Grand, svelte et charmeur, entouré de ses œuvres, toujours
de nouvelles toiles et de nouvelles sculptures en cours de réalisation,
la tête bourrée de projets qu’on pourrait croire
mégalomanes s’il ne les réalisait pas méthodiquement
les uns après les autres, Julio Le Parc est devenu une des
figures majeures de l’art contemporain. Il garde intacte la
flamme qui a poussé le jeune adolescent de Mendoza, qui a
du commencé à travailler à 14 ans, toujours
plus loin tout autour de la terre sur les chemins de la création
artistique. De Mendoza à Buenos Aires, et en 1958, de Buenos
Aires à Paris grâce à une bourse d’étude,
il se bat pour une société meilleure et croit en « la
cité lumière qui, par la force motrice créée
par l’homme, vaincra l’obscurité de la mort. »
Comment mieux illustrer le mouvement que par la lumière ?
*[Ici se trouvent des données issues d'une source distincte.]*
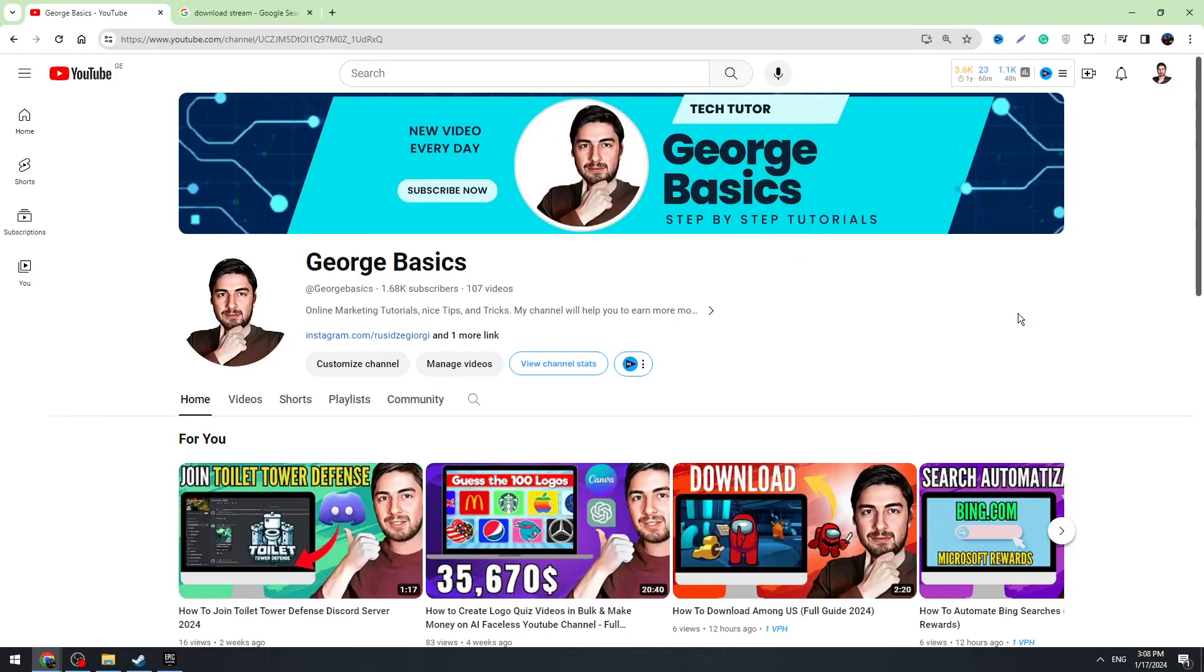Hello guys, this is George and welcome back to George Basics. In today's video I'm going to teach you how to download Euro Truck Simulator to your PC or laptop.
Julio Le Parc donne à ses créations la grâce
majestueuse de la simplicité d’une géométrie
de la lumière, il la domine en l’incarnant. Des figures
précises se succèdent dans ses boîtes noires
dont elles fusent au moment où naît la télévision.
La lumière produit de la chaleur et peu à peu les petits
carrés miroirs se mettent à bouger de plus en plus
vite et les ombres se meuvent dans l’espace magique. Julio
Le Parc remplace le pinceau par le rayon lumineux : arrêtez
le mouvement et le rayon se fige dans sa fulgurance. Art optique
? Art cinétique ? Certainement mais surtout art poétique,
poétique et ludique à la portée de tous, dont
le sens s’impose en dehors de toute culture pour le plus grand
bonheur du spectateur dont il ne faut jamais négliger la jubilation.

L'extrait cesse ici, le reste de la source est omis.